Rod Adkins, a senior vice president in IBM's Systems and Technology Group, said: "The technology behind solar power has been around for many years, but until now, no one has engineered it for efficient use in IT. We’ve designed a solar solution to bring a new source of clean, reliable and efficient power to energy-intensive, industrial-scale electronics.”
IBM plans for the Bangalore solar-powered system to connect directly into the data centre's water-cooling and high-voltage DC systems. What has happened is that 6,000 square feet of solar-power panels have been bolted to the roof of a Bangalore data centre. This can feed generated current via power-conditioning equipment to the AC- and DC-based servers, other related electronics, and water-cooling system in the data centre. It can provide a compute power of 25 to 30 teraflops using an IBM Power Systems server on a 50kW solar power supply.
IBM says this means "a bank, a telecommunications company or a government agency could contemplate setting up a data center that doesn't need the grid".

A technician works on the IBM Bangalore data centre solar power array, on a day when it's raining.
But, no, it doesn't actually mean anything of the sort. Certainly the idea is good, in principle, but look at the detail: IBM says solar-power array can provide a 50 kilowatt electricity "for up to 330 days a year, for an average of five hours a day".
So, do the math. There are 8,760 hours in a 365-day year, and the solar power system generates its 50 kilowatts for 5 hours a day up to 330 days a year, meaning 1,650 hours at best. That means the sun is not powering the data centre for over 80 per cent of the year: which is far, far away from enabling "setting up a data centre that doesn't need the grid". Sure, you can be off off the grid, but only if you run it when the sun is shining strongly.
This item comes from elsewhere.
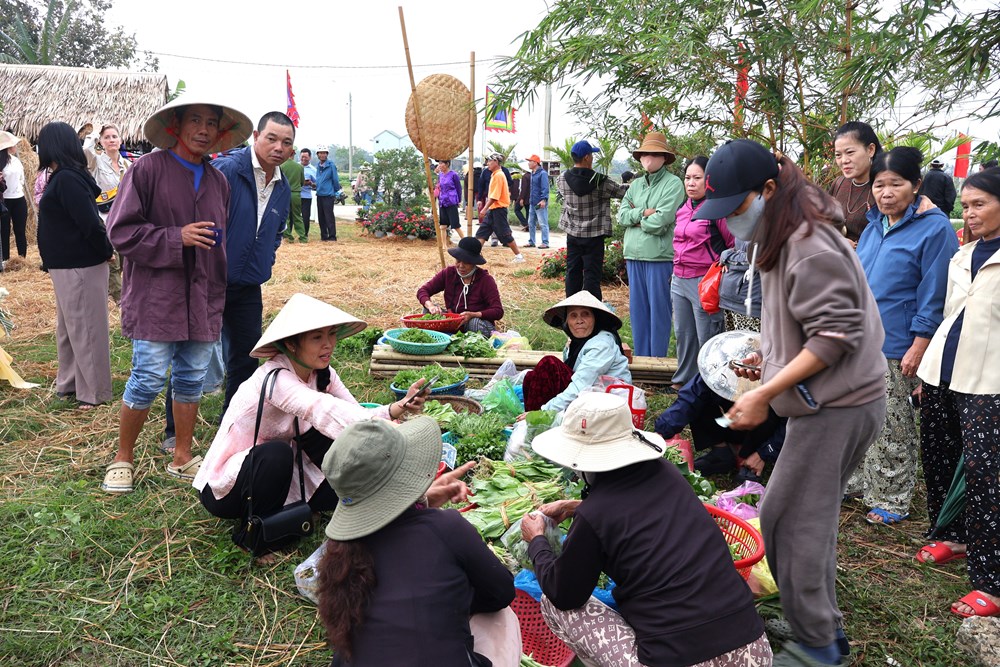 Du khách hào hứng lội ruộng, xuống đồng cấy lúa cùng nông dân  - ảnh 18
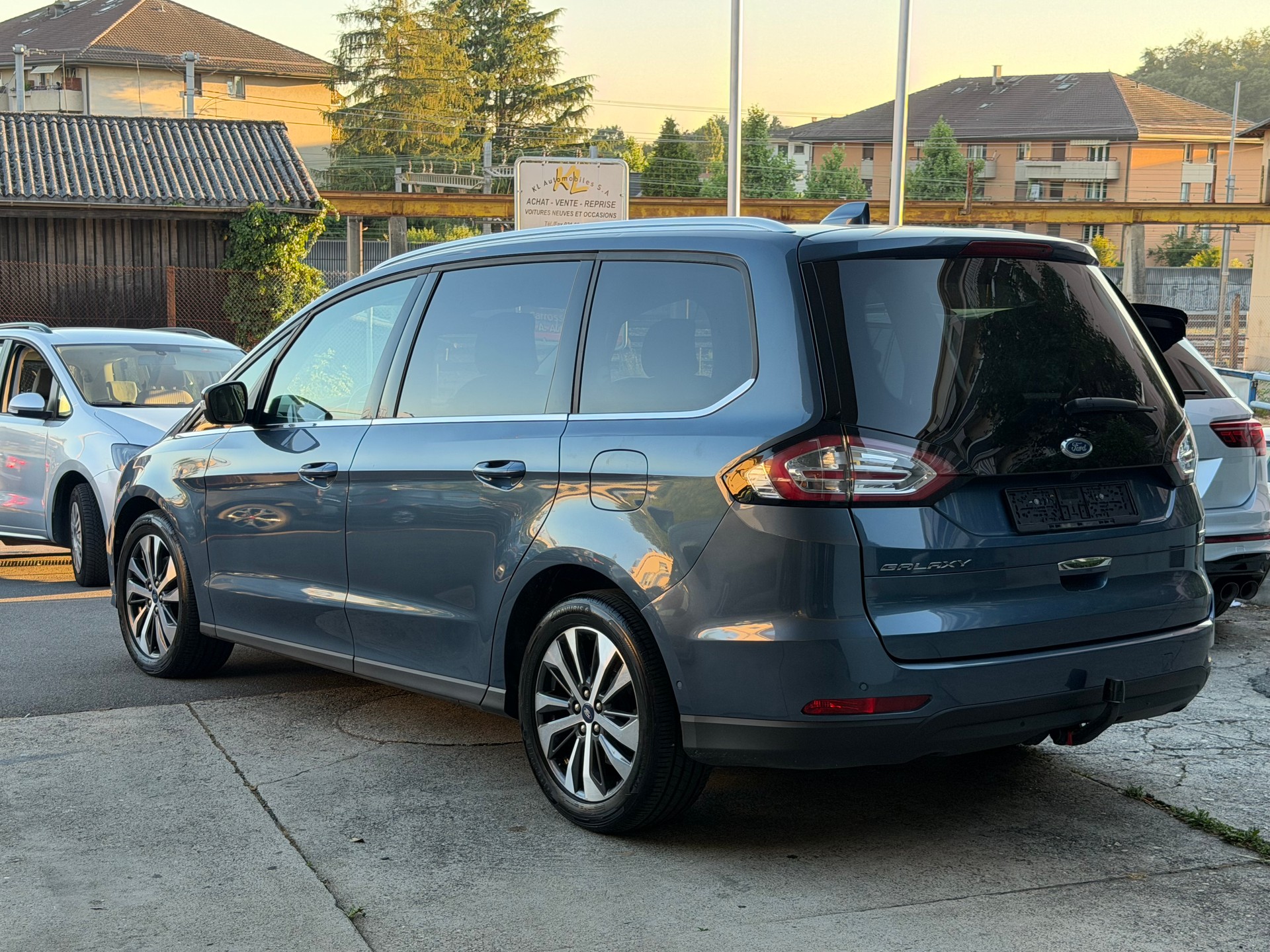 FORD Galaxy 2.5 FHEV Titanium 7Pl. CVT-image-5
Dr Ponani Gopalakrishnan, a VP at IBM's India Software Lab, put it more realistically: "This solar deployment, currently powering almost 20 percent of our own data centre energy requirements, is the latest in the investments made at the India lab to design an efficient and smarter data centre. Ready access to renewable energy in emerging markets presents significant opportunities for IBM to increase efficiencies, improve productivity and drive innovation for businesses around the world.”
This is a start but IBM would need five times more solar--generated electricity to power the data centre. It isn't going to get it and the way to grid-free data centres is surely to markedly lower the power-needs of servers and other IT gear and cut down the cooling power needs as well.
Is solar power on its own adequate for "energy-intensive, industrial-scale electronics?" The IBM Bangalore experience would suggest not by a long chalk. ®
COMMENTS
Location location
Is it not that it's just not in that sunny a place? How would this fair if the datacentre were in North Africa, or Alice Springs, or somewhere?
Typical IBM
Flashy titles, but once you dig into the details, there is very little inside. Did you see the press release on 7in heels last week? quite similar.
Seems like a good idea
Presumably as server hardware costs a fraction of the power it takes over the servers lifetime you can do a literal "follow the sun" virtualisation scheme with several data centres around the world. All the racks have to have UPS battery backup anyway so short periods of no sun aren't a problem. Add in a local swimming pool or town to take the heat extracted by the AC systems and you are onto a really good thing. I'm not sure exactly how much heat a fully populated blade enclosure chucks out but I suspect it is enough to supply hot water to several houses.